Production process documentation and logs
The credibility of IP ownership is confirmed not only by contracts but also by the history of commits in repositories like Git. The buyer's auditors check if the dates the code was created match the periods of validity of the contracts with the individual creators. If the logs show high developer activity in March 2022, and the contract with him was only signed in May, a legal gap arises. Money likes silence, and such a discrepancy in dates is an ideal pretext for questioning the legal cleanliness of the entire repository.
Proper ticket management in systems like Jira also constitutes an element of an IP audit. Every function in the code should be reflected in a task order, which constitutes additional evidence that the work was performed at the request and cost of the company. We verify if these systems are consistent with financial documentation and invoices issued by external contractors. Such a level of order in operational documentation increases the board's credibility and shows that the company is ready for a professional Exit without hidden risks.

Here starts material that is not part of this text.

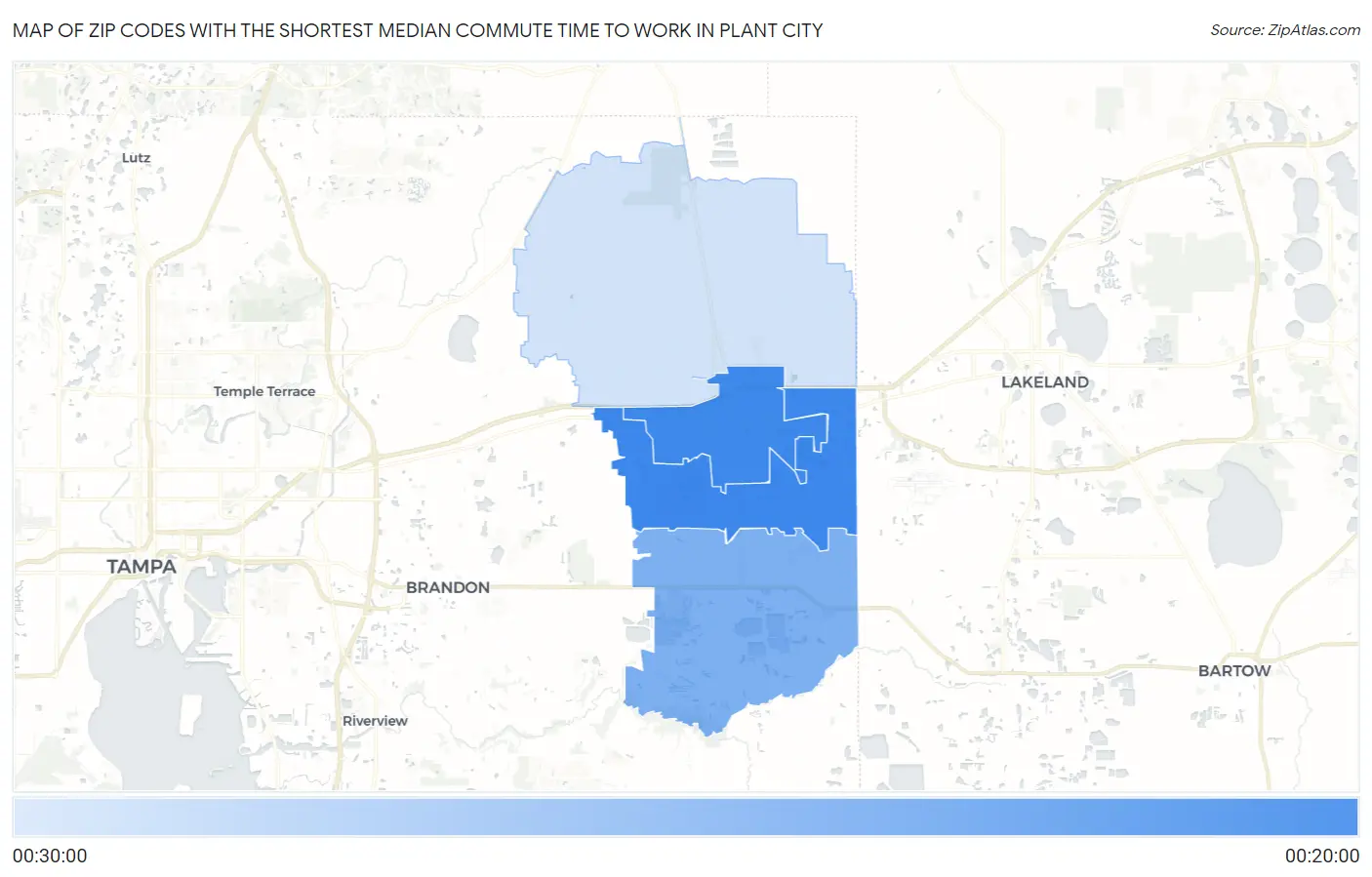 Zip Codes with the Shortest Median Commute Time to Work in Plant City Map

We also check issues of web domain ownership, SSL certificates, and cloud computing accounts (AWS, Azure). It often turns out that key accounts are registered to the private email addresses of former partners or employees, which in 2023 led to the paralysis of one Katowice company for 3 days during the finalization of a contract. Moving these assets to company accounts is a simple step that, however, must be done before the investor starts examining the company so as not to raise unnecessary questions.
How to plan an IP audit before an Exit?
Preparing the IP layer for sale is a process that usually lasts 42 business days. The first step is a reliable inventory of all people who had access to the source code during the last 4 years of business. Next, we verify invoice payments, because in Polish law, a lack of timely payment can in certain situations be the basis for questioning the effectiveness of the copyright transfer. These are specific numbers and dates that must match in every spreadsheet presented to an investor.
Protecting shares starts with order in documents. If you are planning to sell the company within the next 10 months, an IP audit is an investment that pays off at the first round of questions from the buyer's lawyers. It allows you to avoid nervous corrections the night before signing a term-sheet and gives you confidence during tough price negotiations. A well-prepared technology company is one where every byte of data and every line of code has a clearly defined owner in folders with contracts.
Remember that business diplomacy is about eliminating fields of attack before the opponent notices them. Clean IP is the strongest shield you can possess as a founder. Our experience shows that companies with organized IP documentation close sales processes on average 31 days faster than those that have to patch gaps during due diligence. Hard facts don't lie—order in law is real profit in your bank account after the transaction is finalized.
Companies with organized IP close sales processes 31 days faster.